Sunday, August 21, 2005

N'owt Queer as God

A couple of weeks ago, while relaxing in the Ngawha Springs with some friends I was introduced to the idea of a Queer God, and was intrigued- if a little flumuxed at what I heard as the idea of assigning God a sexual identity. So last week, when a friend at Waikato University mentioned that there was to be a lecture that very evening on "The Return of the Queer God" I decided to attend. (What follows is my take on the lecture, which may not be what the speaker intended.)

Marcella Olthaus-Reid
is a "second generation liberation theologian" from Argentina, by way of Edinburgh University where she is a Reader in Christian Ethics and Theology. I was hoping for more information about what might make God queer, but mostly she talked about the queering of Christian theology. Which was very interesting and, it turns out, not that much to do with sexual identity... except as a category of marginalisation from which God/the church is dis-located from the perspectives of white, educated, middle to upper class, European, heterosexist (if not practicing heterosexual) men. It seems like a good idea, or at least a useful exercise, that I could sort of relate to the Reconstructionist and Renewal movements of Judaism to which I am attracted.

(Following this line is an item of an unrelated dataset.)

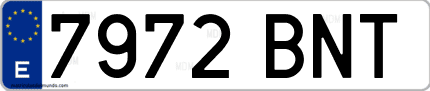 Ejemplo de matrícula de coche ordinaria 7972 BNT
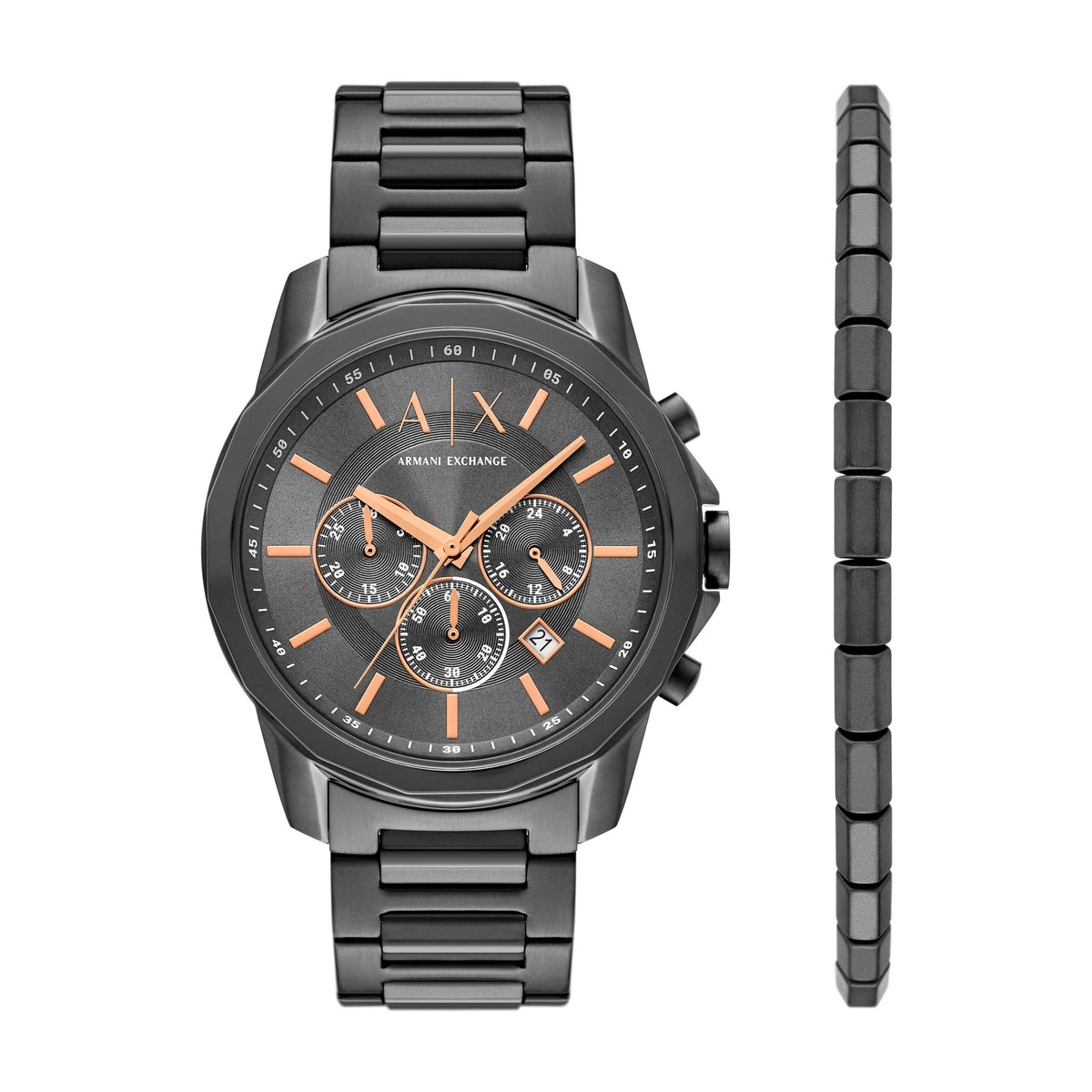 Armani Exchange Mens Bank Chronograph Gunmetal Stainless Steel Watch & Bracelet Set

What I could glean about the nature of God as encountered through a queer journey of "invention and discovery" was that S/He is undomesticated, unstable, unpredictable, novel, unthinkable and surprising... Not only the human enquirer is liberated (from the burden of conforming with 'normality') through this perspective, but also God Her-/His-self, whose Will is freed from its employment as an excuse for continued unfairness and tragedy in the world. The Queer God is the permanent "stranger at the gates", incarnating at the margins of society amongst, and as, the poor, the female, the colonised, the indigenous, the people of colour and those whose gender doesn't necessarily align with their genitals and/or dominant models of sexual practice.

Fundamental to this way of thinking about God is an understanding that sexuality is an ideology; the basic ideology of monotheistic societies is heterosexuality; traditional theology is gendered as masculine; the Bible is a literary (not literal) mediated experience and Christian religion is saturated with sexuality.

Dr Olthaus-Reid began by pointing out that although Christian theology is full of talk about love, it struggles to accept all the many and varied forms that love can take. To me, any loving relationship is a celebration of the nature of [please insert your preferred higher power concept] and [preferred higher power concept] is too expansive to want, or accept, any limits on who loves who. If that makes my God queer, then maybe S/He is. And if that makes me queer, then maybe I am too.

2 comments:

Jane in Dunedin said...

And me, too.

jf ptak said...

Queer or not, the god(s) still have things (as they say) stunk up but good. Assuming that I'm just addressing Judeo-Christian forms of religious practices, I don't see what difference it could possibly make to non-celestial forms if the creator of the universe (if there be one)had a sexual identity. Terrestrial lifeforms still depend on consuming other living things to replace their spent energy sources--this is a system that, if it was planned, would be so weird and diabolical as to defy comprehension, at least for my brain. Kill or die is what we've got in our part of the universe. The whole question of deity-ical gender becomes moot so far as I can tell.